Aim of the task: Only the lines from the one bearing "Entrance of the Nestor cave" through the end of the listing belong in your response, restated word for word and without pictures.

_ _ _ _ _

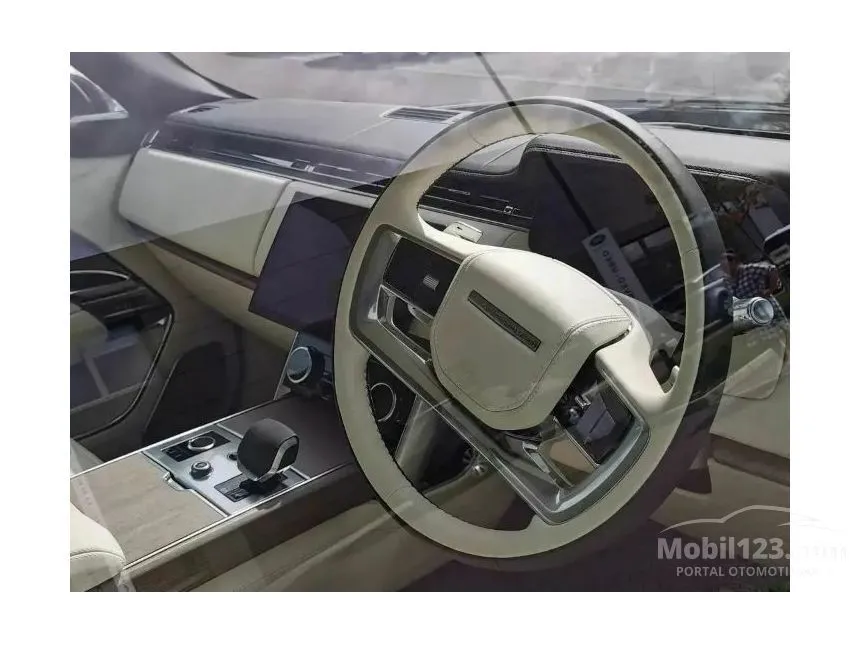 2022 Land Rover Range Rover 90 Autobiography MHEV LWB SUV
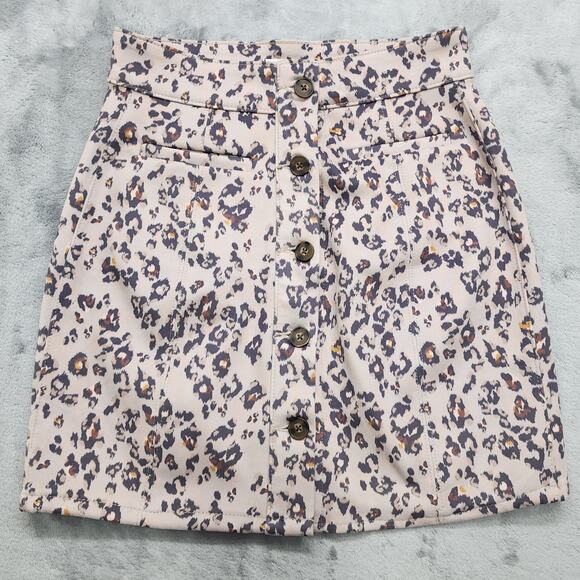 Maurices Skirt Womens 4 Tan Leopard Print Faux Suede Button Front Mini Preppy - Picture 1 of 9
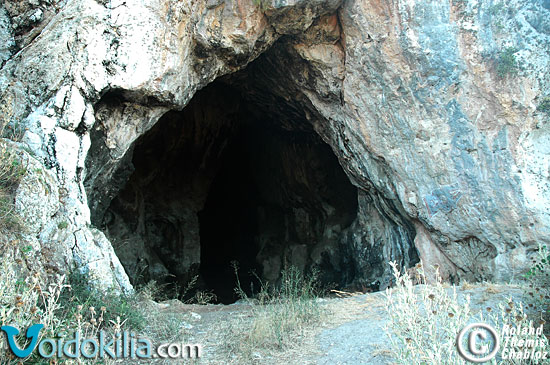 Entrance of the Nestor cave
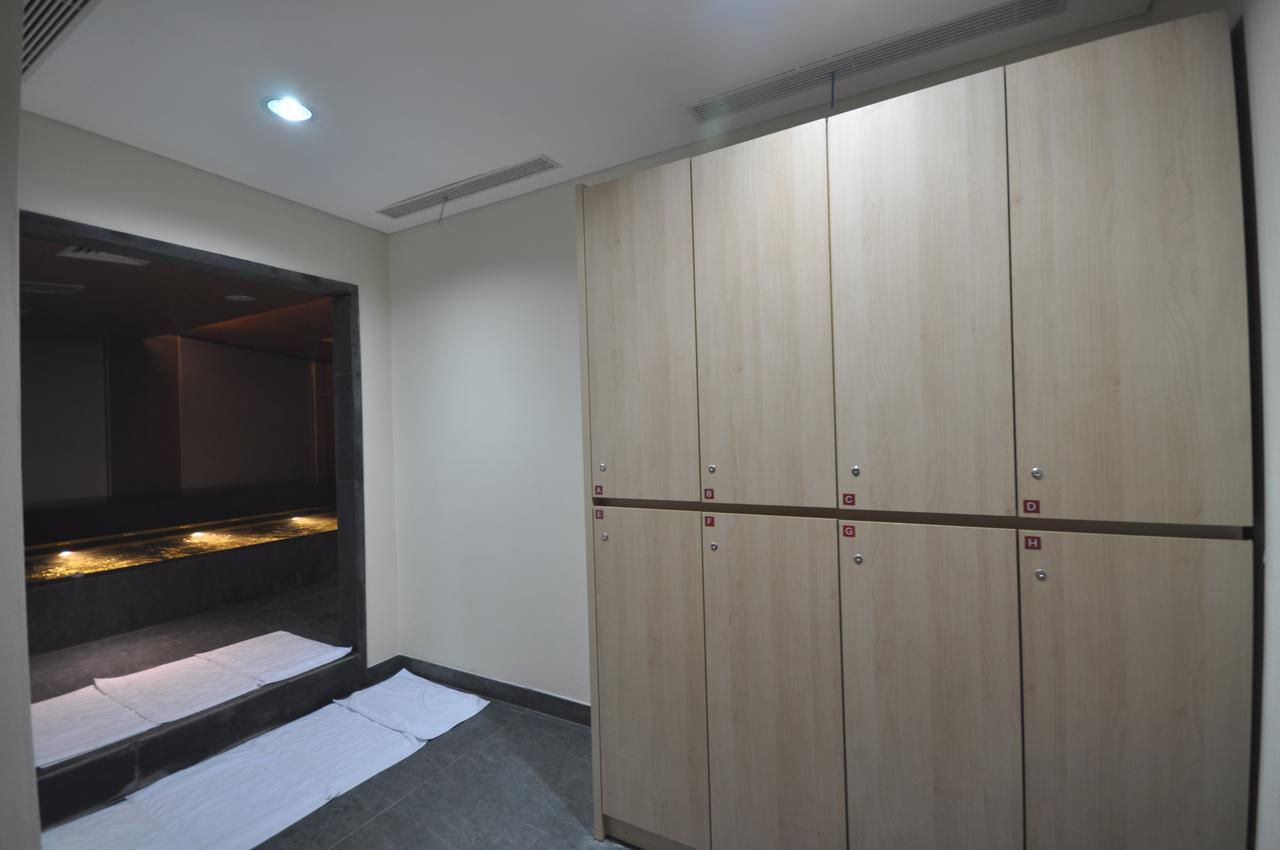 Gtv Hotel Cikarang Exterior photo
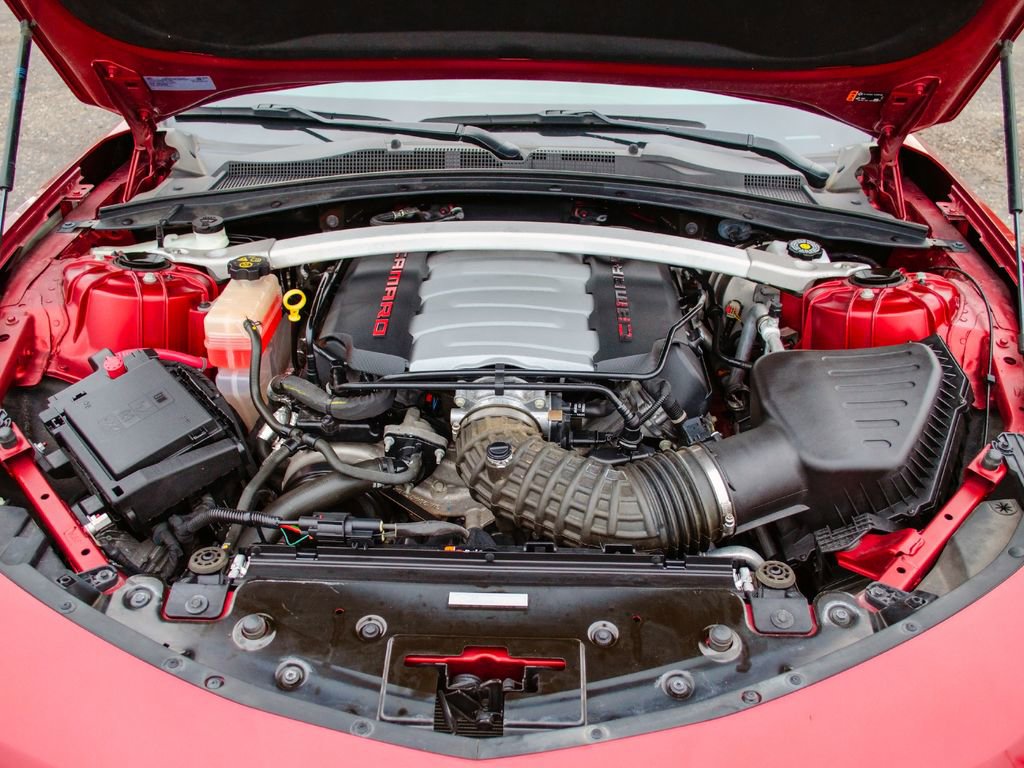 Used 2022 Chevrolet Camaro LT w/ Technology Package image 8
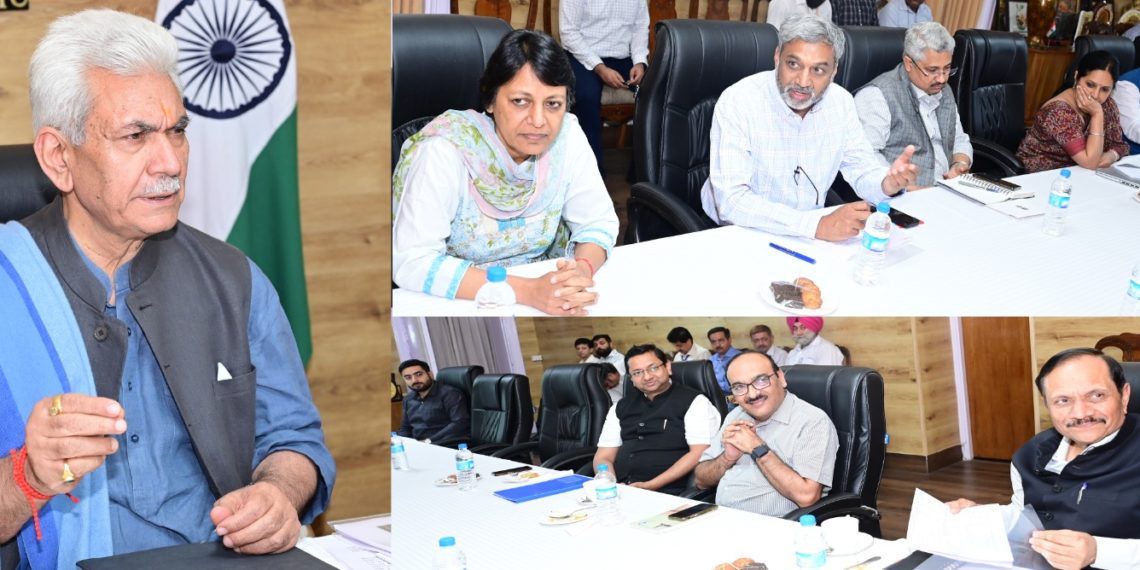 لیفٹیننٹ گورنر نے سینئر ملازمین کے ساتھ جل جیون مشن اور ایس بی ایم جی کی عمل آوری کا جائزہ لیا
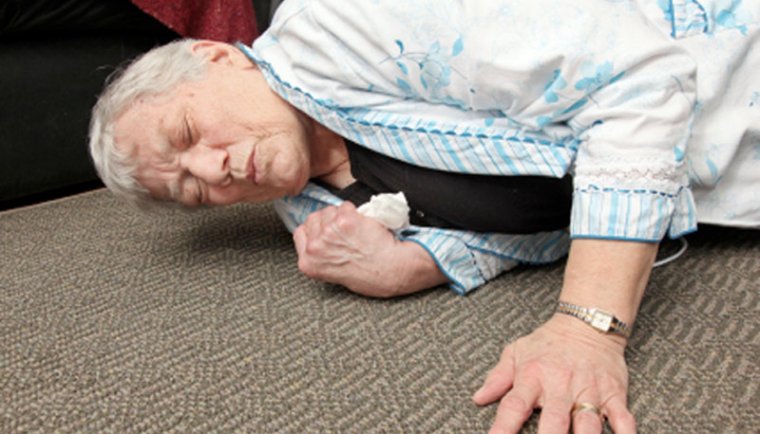 Aiutare gli anziani con demenza a evitare le cadute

_ _ _ _ _

Answer space:
 Entrance of the Nestor cave
 Gtv Hotel Cikarang Exterior photo
 Used 2022 Chevrolet Camaro LT w/ Technology Package image 8
 لیفٹیننٹ گورنر نے سینئر ملازمین کے ساتھ جل جیون مشن اور ایس بی ایم جی کی عمل آوری کا جائزہ لیا
 Aiutare gli anziani con demenza a evitare le cadute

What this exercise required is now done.